Comment by skydhash
10 hours ago
I wouldn’t say it’s a general definition, but the consensus (according to my opinion) is that intelligence is being able to define problems (not just experience them), discern the root cause, and then solve that.
Where it fails is generally the first step. It’s kinda like the old saying “you have to ask the right question”. In all problem solving matters, the definition of problem is the first step. It may not be the hardest (we have problems that are well defined, but unresolved), but not being able to do it is often a clear indication of not being able to do the rest.
> What would convince you that you're wrong?
Maybe when I can have the same interaction as with my fellow humans, where I can describe the issue (which is not the problem) and they can go solve it and provide either a sound plan to make the issue disappear. Issue here refer to unpleasantness or frustrating situation.
Until then, I see them as tools. Often to speed up my writing pace (generic code and generic presentation), or as a weird database where what goes in have a high probability to appear.

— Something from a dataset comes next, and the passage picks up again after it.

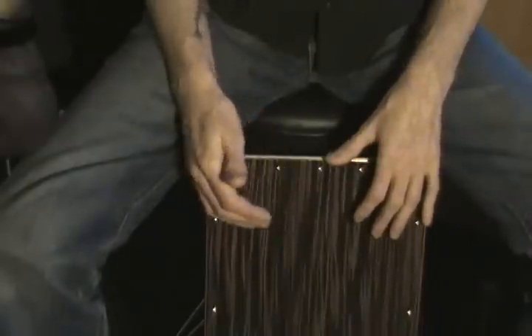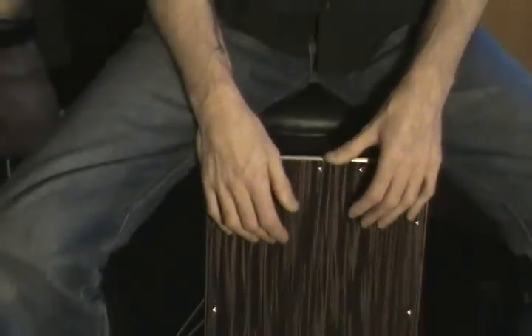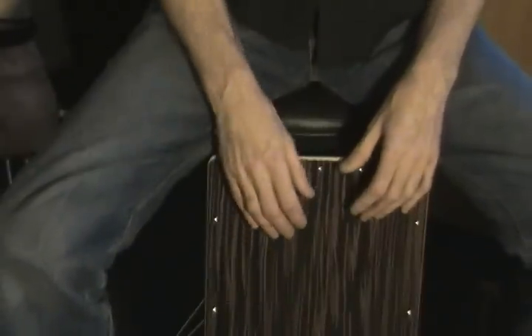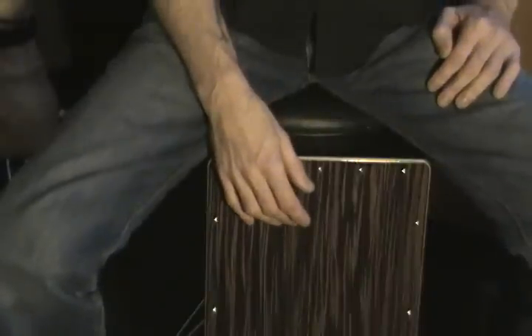Try getting your hands used to doing that, and then you can move on to the play-along where I play this at three different speeds, increasing the speed each time, and play it for a few minutes so you can get a feel for it.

> Maybe when I can have the same interaction as with my fellow humans, where I can describe the issue (which is not the problem) and they can go solve it and provide either a sound plan to make the issue disappear.
I don't know what LLMs are you using, but frontier models do this regularly for me in programming.

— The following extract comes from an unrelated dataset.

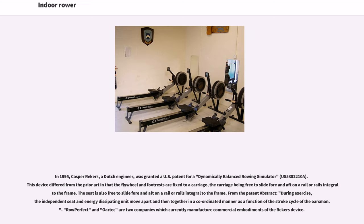In 1995, Kasper Riekers, a Dutch engineer, was granted a U.S. patent for a dynamically balanced rowing simulator, U.S. 538221OA. This device differed from the prior art in that the flywheel and footrests are fixed to a carriage, the carriage being free to slide fore and aft on a rail or rails integral to the frame. The seat is also free to slide fore and aft on the frame. During exercise, the independent seat and energy-dissipating unit move apart and then together in a coordinated manner as a function of the stroke cycle of the oarsman. RowPerfect and Ortec are two companies which currently manufacture commercial embodiments of the Riekers device.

Without prodding it along and giving it “hints”? And monitoring it like a baby trying their first steps? If yes, please give me the name of the model so I can try it too.
Yes, mostly without those things. I regularly use Claude Opus 4.6/4.7, Gemini 3.1 Pro and GPT-5.4/5.5. For diagnosing and planning, I always use the highest thinking setting, perhaps with the exception of GPT, where xHigh is pretty costly and slow, so I tend to use High unless the problem is really hard. After the plan is done, for implementation I often use cheaper models, like Sonnet 4.6.